**AVAILABLE DATA**
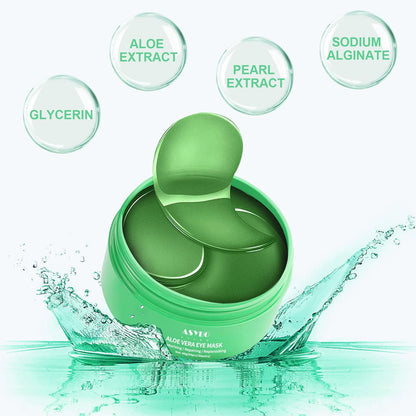 Aloe Vera Eye Mask, 60 Pcs Under Eye Patches, Eye Treatment Mask for Under Eye Bags, Dark Circles, Puffy Eyes, Fine Lines, Anti-Aging and Anti-Wrinkle, Hydrating Eye Mask Skincare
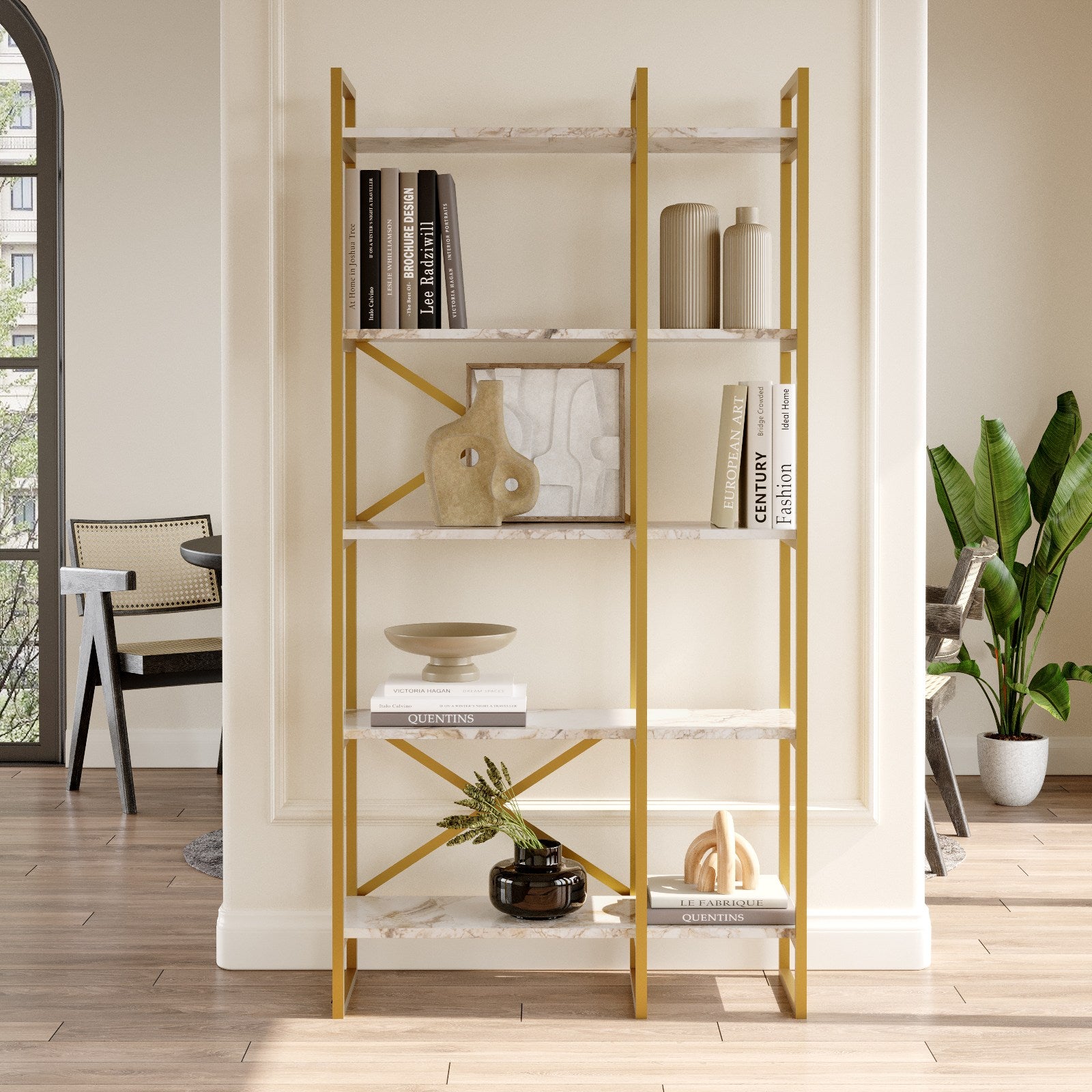 Estante – 87,5 x 175 x 30 cm – Mármore branco e dourado – Metal e painel de partículas revestido de melamina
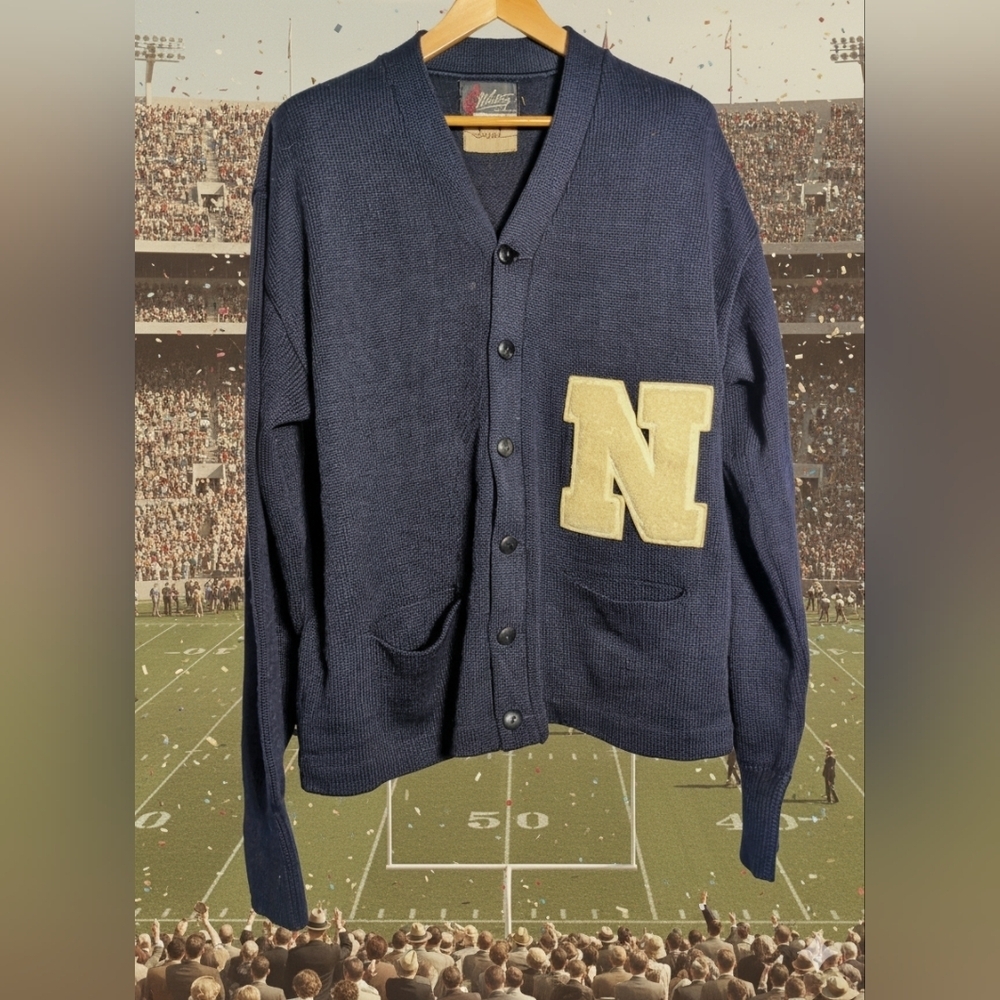 1950s Whiting Los Angeles Navy Wool Cardigan Letter Sweater Sisul N Sz 50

**EXERCISE OBJECTIVE**
Pictures aside, return all of the material exactly as written.

**RESPONSE**
 Aloe Vera Eye Mask, 60 Pcs Under Eye Patches, Eye Treatment Mask for Under Eye Bags, Dark Circles, Puffy Eyes, Fine Lines, Anti-Aging and Anti-Wrinkle, Hydrating Eye Mask Skincare
 Estante – 87,5 x 175 x 30 cm – Mármore branco e dourado – Metal e painel de partículas revestido de melamina
 1950s Whiting Los Angeles Navy Wool Cardigan Letter Sweater Sisul N Sz 50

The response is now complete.